◆ **Exercise instructions**
Beginning with the line that contains "MacBook-Air-Pro-Retina-Repair-Price-List-2013" and ending with the line that contains "Distance -Time Graph", reproduce the lines of the entries below exactly, omitting pictures.

(Brief descriptive captions)
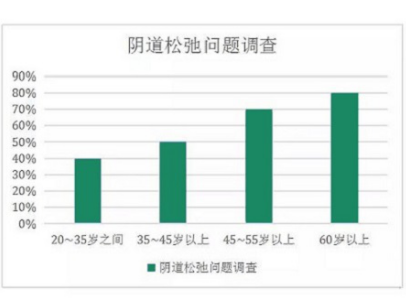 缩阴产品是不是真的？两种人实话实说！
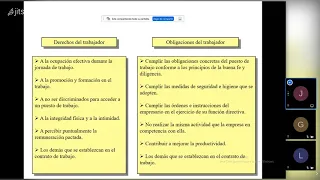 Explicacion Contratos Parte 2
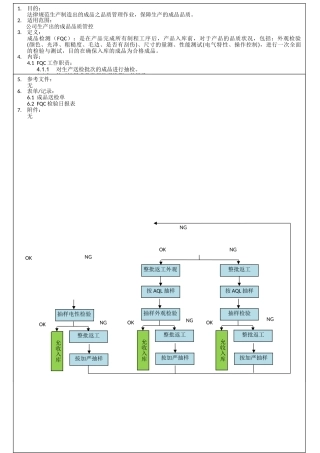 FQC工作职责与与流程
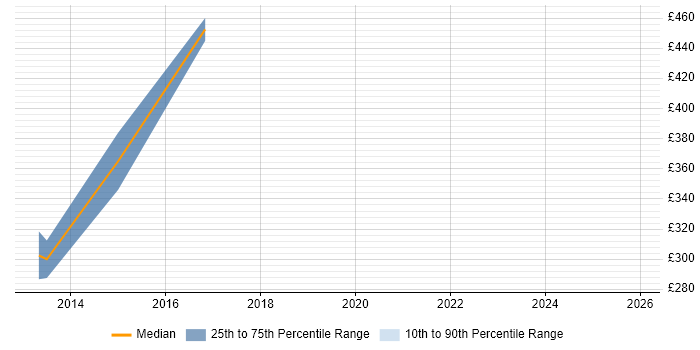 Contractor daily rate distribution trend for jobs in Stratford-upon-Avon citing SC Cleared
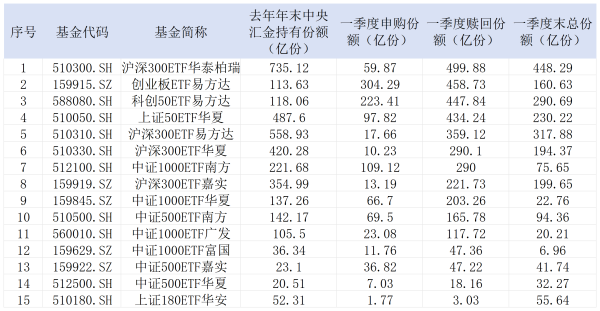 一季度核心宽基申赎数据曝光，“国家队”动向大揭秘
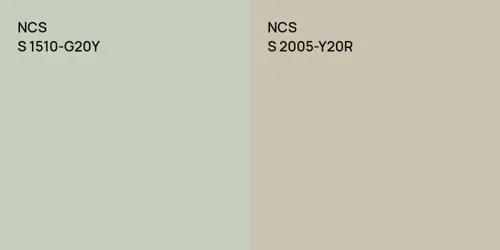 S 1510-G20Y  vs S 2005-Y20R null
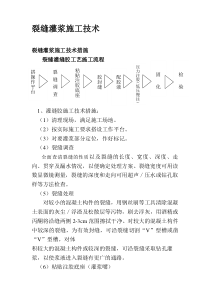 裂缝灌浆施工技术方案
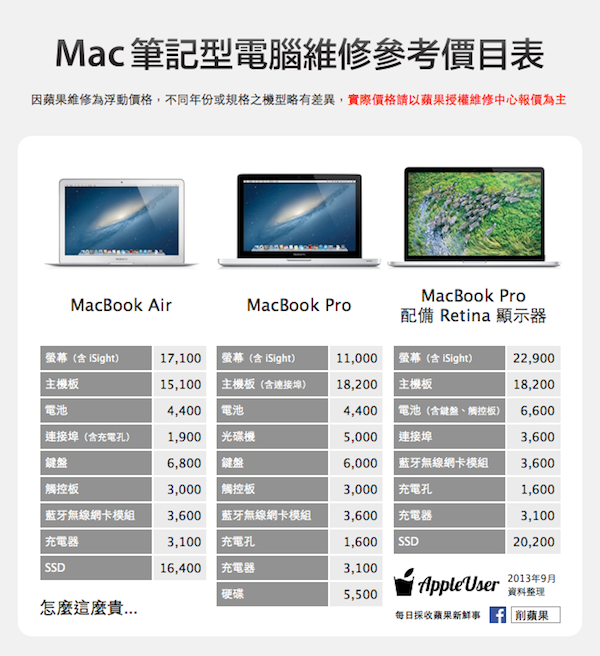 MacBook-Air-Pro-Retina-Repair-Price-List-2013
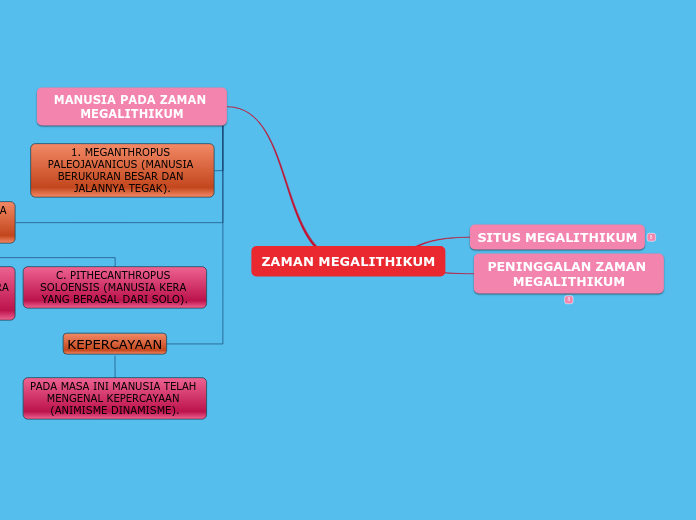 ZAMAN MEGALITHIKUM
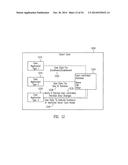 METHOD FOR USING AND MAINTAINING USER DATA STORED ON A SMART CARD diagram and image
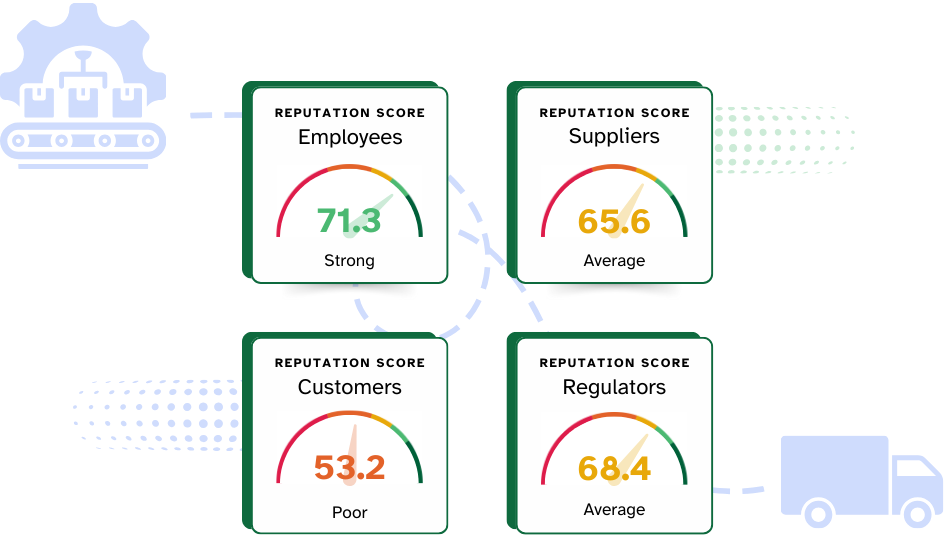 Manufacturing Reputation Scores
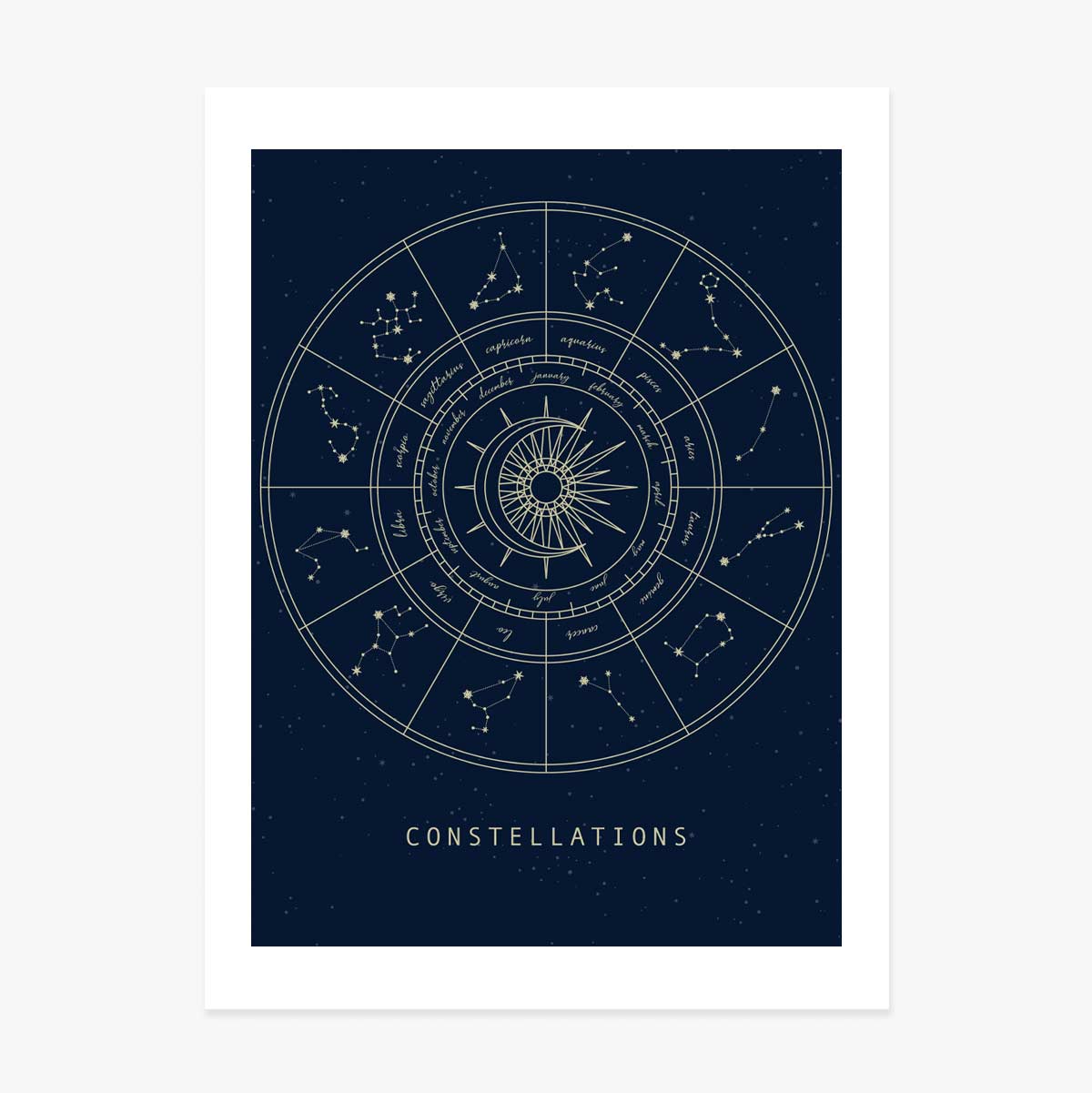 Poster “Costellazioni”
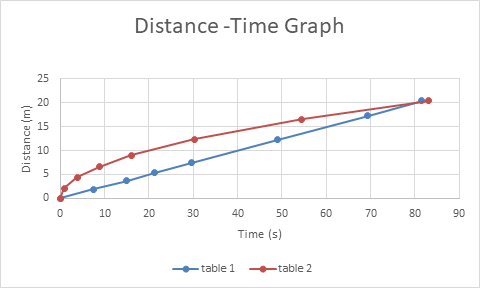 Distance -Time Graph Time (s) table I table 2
...
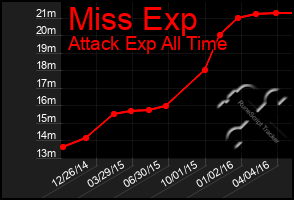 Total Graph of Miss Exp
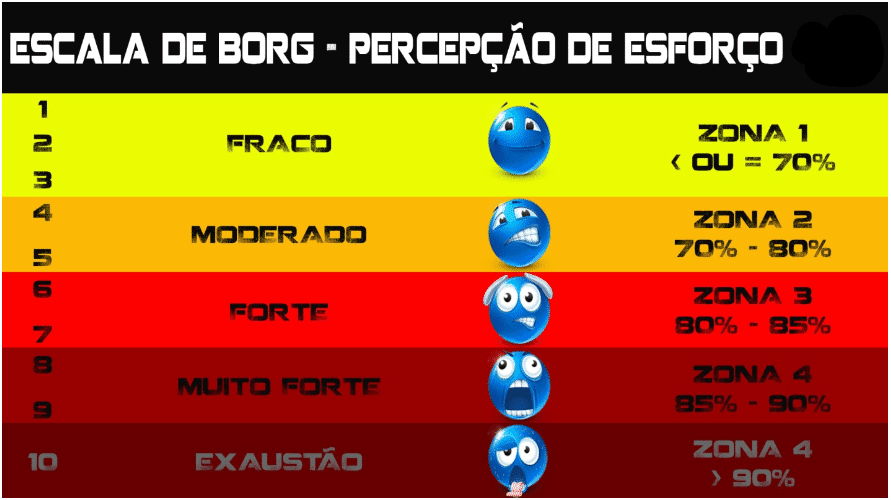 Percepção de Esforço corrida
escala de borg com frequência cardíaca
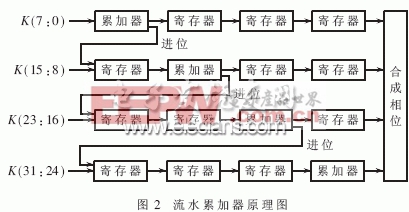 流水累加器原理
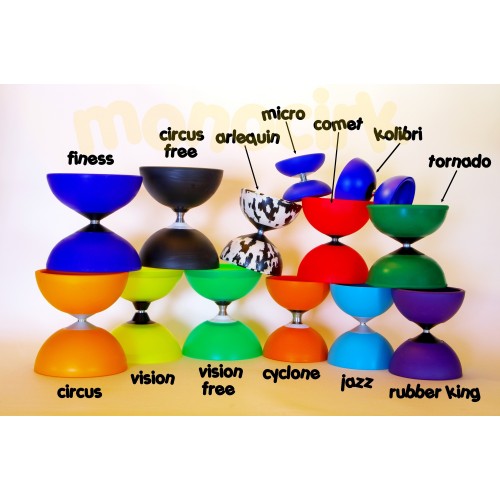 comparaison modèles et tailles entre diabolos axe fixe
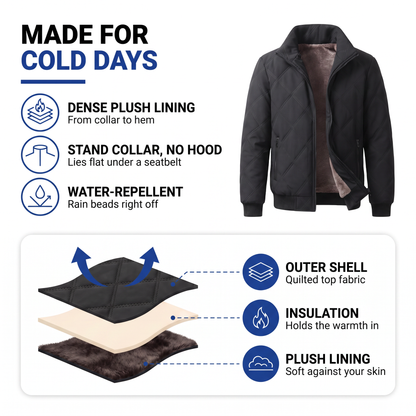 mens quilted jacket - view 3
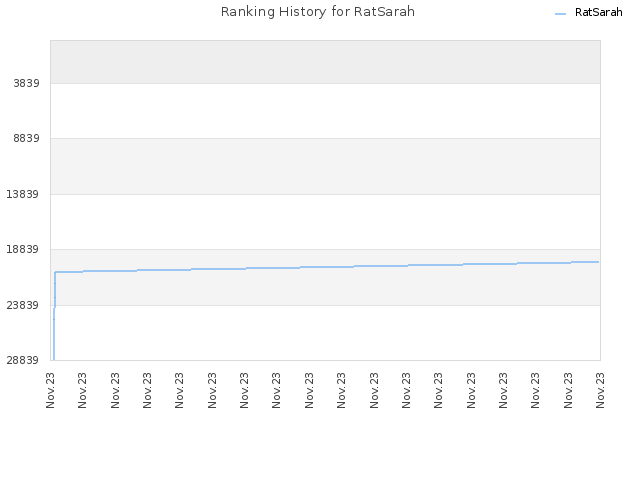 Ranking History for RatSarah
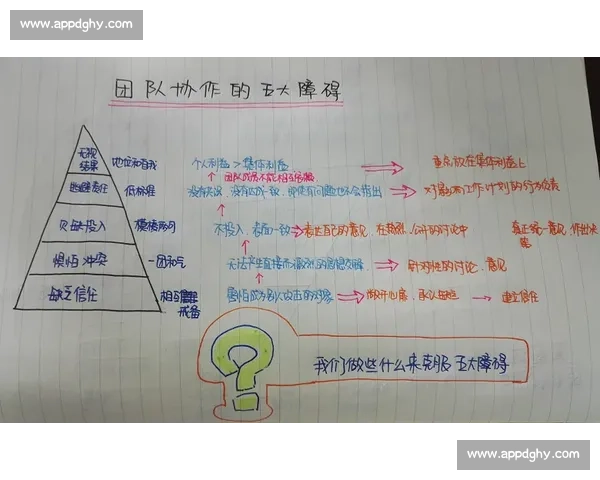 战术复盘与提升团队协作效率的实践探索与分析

◆ **Exercise response**
 MacBook-Air-Pro-Retina-Repair-Price-List-2013
 ZAMAN MEGALITHIKUM
 METHOD FOR USING AND MAINTAINING USER DATA STORED ON A SMART CARD diagram and image
 Manufacturing Reputation Scores
 Poster “Costellazioni”
 Distance -Time Graph Time (s) table I table 2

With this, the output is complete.